Tubal or ectopic pregnancy is a pregnancy that occurs outside of the inner lining of the uterus. In a normal pregnancy, the fertilised egg is implanted into the uterus and attached to its lining where it grows for the next nine months. However, in up to 1 of every 50 pregnancies, the fertilised egg stays in one of the ovaries, fallopian tube, the cornua of the uterus, or even the cervix. An ectopic pregnancy is considered a serious medical condition and in the majority of cases, the foetus does not survive. Its symptoms include light vaginal bleeding, lower abdominal pain, pain on one side of the body, and sharp abdominal cramps.

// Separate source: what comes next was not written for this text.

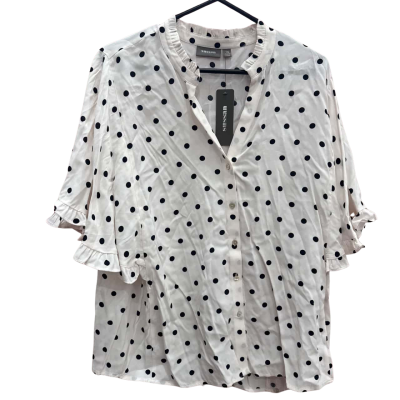 Sussan Womens  Size 16 Polka Dot Top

Patients with tubal pregnancy require immediate medical attention especially if there is a reason to suspect that the fallopian tube has ruptured. It is important for these patients to have access to a fully equipped medical facility with the most advanced diagnostic and surgical technology and staffed by highly experienced gynaecological surgeons who can effectively and adequately address the condition while minimising risks and possible complications.
Patients who are suspected of having ectopic pregnancy are given immediate medical attention at hospitals in Singapore, Thailand, and Malaysia. Several advanced diagnostic tools are used to ascertain the condition and its severity. These include ultrasound, blood tests, and imaging studies. If ectopic pregnancy is detected early on, the condition can be managed with the use of certain drugs designed to dissolve existing cells. In other cases, the removal of ectopic tissues and the repair of fallopian tubes are performed through surgery. In Southeast Asia, where many surgeons are internationally trained in minimally invasive procedures and have access to the most advanced surgical equipment, the procedure can be performed using small incisions in the abdomen where a laparoscope is inserted. This results in minimal blood loss and reduced postsurgical pain. It also speeds up the recovery process.